Making the server behave a bit more like a web server and supporting query strings seems like a better solution to me, though it's your module so up to you.

But the downside would be that I have to implement for every possible scheme in every transport different code that I have to support if changes occur. (Think of other dynamic URLs that encode data in the paths). With the callback, every user can extend it in a way that fits the application, and I do not have to modify the module.

martenrichter commented 3 months ago

https://github.com/fails-components/webtransport/pull/281 Untested..., but will allow sending the query and userData as a replacement for the header.

achingbrain commented 3 months ago

Broken, I'm afraid - args.object is undefined. I think you need to set an "object" property on retObj that references the Http3ServerJS C++ instance in processNewSessionRequest, or it might need to be this.transportInt.finishSessionRequest as it was previously?

martenrichter commented 3 months ago

Ok, this was probably broken when the whole project was restructured. The solution is probably easy. Just replace args.object with this.transportInt. I hope I remember it correctly. (I am away from my dev computer and can not test.)

achingbrain commented 3 months ago

Trying to use the request callback seems to break all kinds of stuff. Requests that hit the callback time out instead of connecting successfully (or 404ing, depending on the test).

I've opened a PR that adds a request callback and a test for the user data object here - https://github.com/fails-components/webtransport/pull/282

Am I using it wrong?

achingbrain commented 3 months ago

Another thing is that if the aim is for the request callback to be like Express middleware, it should get invoked on every request (or, at least, during predictable parts of the request lifecycle), not just the ones that it can't match a path for. This way the user can ensure that the application receives modified requests in a consistent manner.

At the moment you have to send a query string or make a request that would otherwise 404 in order for the callback to be invoked.

martenrichter commented 3 months ago

Ah, so the PR does not work. No, it looks as if it is used as intended. But it was written before I changed a lot of stuff (and as no one was using it). I will look into the test branch tomorrow and fix it. (I assume the unit test will fail).

martenrichter commented 3 months ago

Another thing is that if the aim is for the request callback to be like Express middleware, it should get invoked on every request (or, at least, during predictable parts of the request lifecycle), not just the ones that it can't match a path for. This way the user can ensure that the application receives modified requests in a consistent manner.

At the moment you have to send a query string or make a request that would otherwise 404 in order for the callback to be invoked.

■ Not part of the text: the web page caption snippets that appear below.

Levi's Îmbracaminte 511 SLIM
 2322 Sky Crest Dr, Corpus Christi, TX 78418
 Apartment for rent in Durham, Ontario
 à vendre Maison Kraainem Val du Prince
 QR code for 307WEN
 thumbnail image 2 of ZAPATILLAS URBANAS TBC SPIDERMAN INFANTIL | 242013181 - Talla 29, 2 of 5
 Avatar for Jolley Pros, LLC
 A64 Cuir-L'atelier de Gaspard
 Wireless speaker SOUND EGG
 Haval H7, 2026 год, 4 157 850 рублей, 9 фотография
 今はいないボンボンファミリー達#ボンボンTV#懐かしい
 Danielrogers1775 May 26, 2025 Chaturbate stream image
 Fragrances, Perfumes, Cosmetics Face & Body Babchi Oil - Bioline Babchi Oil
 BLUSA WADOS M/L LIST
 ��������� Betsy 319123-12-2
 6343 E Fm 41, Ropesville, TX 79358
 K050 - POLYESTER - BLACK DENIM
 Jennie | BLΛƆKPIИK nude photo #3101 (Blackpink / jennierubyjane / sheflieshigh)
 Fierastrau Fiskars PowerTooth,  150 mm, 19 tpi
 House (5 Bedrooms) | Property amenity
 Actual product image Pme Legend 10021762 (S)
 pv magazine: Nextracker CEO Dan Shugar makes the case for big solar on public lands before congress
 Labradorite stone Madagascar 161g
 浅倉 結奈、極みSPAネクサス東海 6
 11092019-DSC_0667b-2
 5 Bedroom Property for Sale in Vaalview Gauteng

Well, this can be changed in the http3serversession stream so that if the session request is present, it will always handle everything. But if it is not, it will use the old paths mechanism to remain compatible.

martenrichter commented 3 months ago

Regarding the tests, as the other tests also fail, it indicates that the server process has an exception. Try adding a try-catch block on the server side and printing the error; then, you will see where the problem is.

martenrichter commented 2 months ago

I am closing this, as the fix for the mechanism has been out for a while. I assume it is working. If not, post again, and we can reopen the issue.